#### Saved entries:

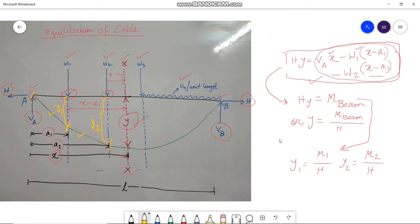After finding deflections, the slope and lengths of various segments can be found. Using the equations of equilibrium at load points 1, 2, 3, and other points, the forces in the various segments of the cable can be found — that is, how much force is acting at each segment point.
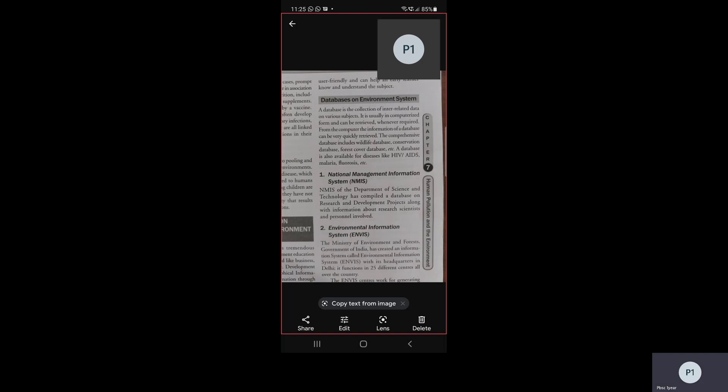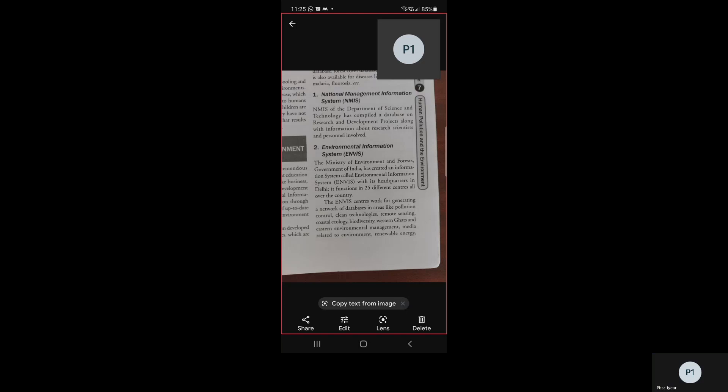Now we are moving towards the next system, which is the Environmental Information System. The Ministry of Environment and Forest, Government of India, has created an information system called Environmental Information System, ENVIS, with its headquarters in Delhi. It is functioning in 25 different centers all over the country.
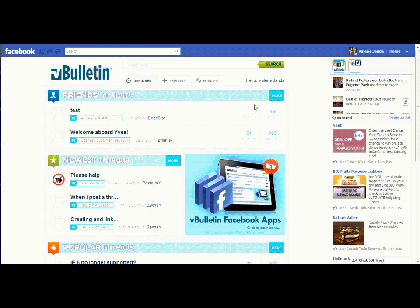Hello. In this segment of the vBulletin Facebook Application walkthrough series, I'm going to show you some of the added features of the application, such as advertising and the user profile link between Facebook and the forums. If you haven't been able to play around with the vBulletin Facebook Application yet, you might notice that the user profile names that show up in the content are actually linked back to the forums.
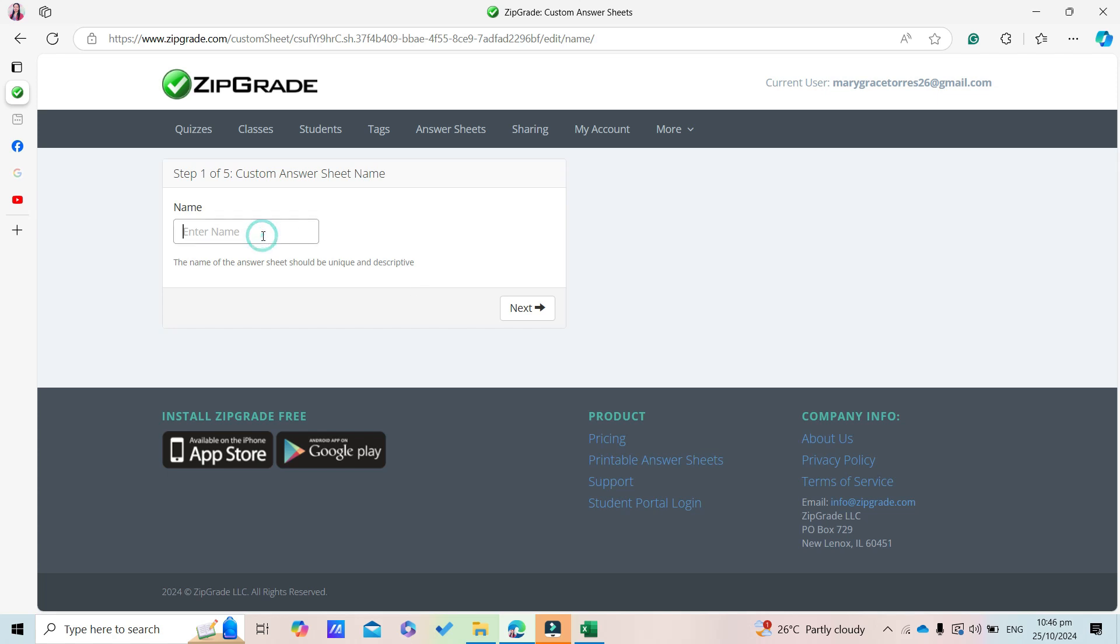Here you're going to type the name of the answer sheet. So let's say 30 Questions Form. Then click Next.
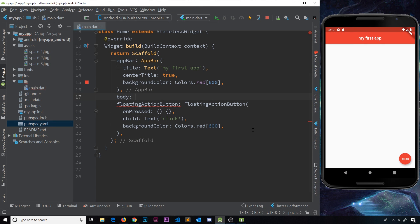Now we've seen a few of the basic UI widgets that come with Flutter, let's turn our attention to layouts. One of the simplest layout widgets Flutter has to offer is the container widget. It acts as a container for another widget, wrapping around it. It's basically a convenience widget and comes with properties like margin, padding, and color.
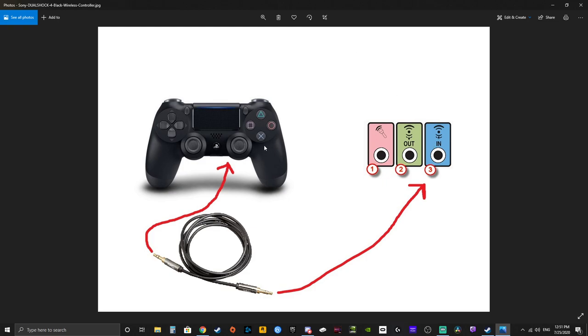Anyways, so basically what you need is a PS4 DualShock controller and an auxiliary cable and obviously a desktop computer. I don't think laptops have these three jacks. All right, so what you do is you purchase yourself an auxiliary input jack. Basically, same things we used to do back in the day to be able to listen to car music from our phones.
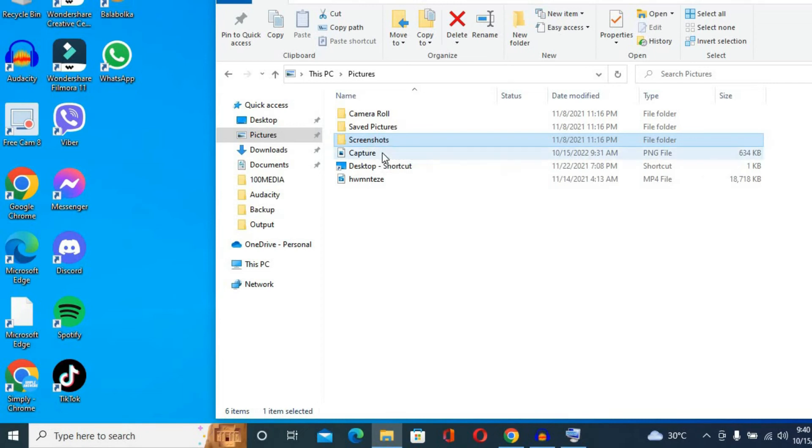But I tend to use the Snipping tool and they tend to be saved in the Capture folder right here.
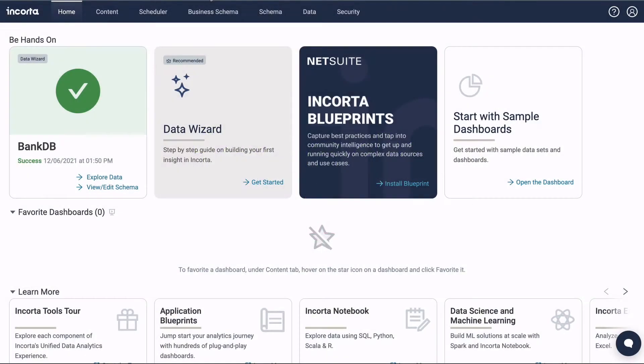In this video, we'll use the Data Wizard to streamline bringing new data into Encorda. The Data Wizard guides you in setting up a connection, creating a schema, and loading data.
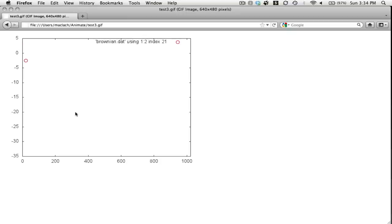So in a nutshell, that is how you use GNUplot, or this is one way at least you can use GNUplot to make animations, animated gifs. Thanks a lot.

#### Exercise goal:
In your copy, omit the pictures and restate every line of the data word for word.

#### Expected answer:
After finding deflections, the slope and lengths of various segments can be found. Using the equations of equilibrium at load points 1, 2, 3, and other points, the forces in the various segments of the cable can be found — that is, how much force is acting at each segment point.
Now we are moving towards the next system, which is the Environmental Information System. The Ministry of Environment and Forest, Government of India, has created an information system called Environmental Information System, ENVIS, with its headquarters in Delhi. It is functioning in 25 different centers all over the country.
Hello. In this segment of the vBulletin Facebook Application walkthrough series, I'm going to show you some of the added features of the application, such as advertising and the user profile link between Facebook and the forums. If you haven't been able to play around with the vBulletin Facebook Application yet, you might notice that the user profile names that show up in the content are actually linked back to the forums.
Here you're going to type the name of the answer sheet. So let's say 30 Questions Form. Then click Next.
Now we've seen a few of the basic UI widgets that come with Flutter, let's turn our attention to layouts. One of the simplest layout widgets Flutter has to offer is the container widget. It acts as a container for another widget, wrapping around it. It's basically a convenience widget and comes with properties like margin, padding, and color.
Anyways, so basically what you need is a PS4 DualShock controller and an auxiliary cable and obviously a desktop computer. I don't think laptops have these three jacks. All right, so what you do is you purchase yourself an auxiliary input jack. Basically, same things we used to do back in the day to be able to listen to car music from our phones.
But I tend to use the Snipping tool and they tend to be saved in the Capture folder right here.
In this video, we'll use the Data Wizard to streamline bringing new data into Encorda. The Data Wizard guides you in setting up a connection, creating a schema, and loading data.
So in a nutshell, that is how you use GNUplot, or this is one way at least you can use GNUplot to make animations, animated gifs. Thanks a lot.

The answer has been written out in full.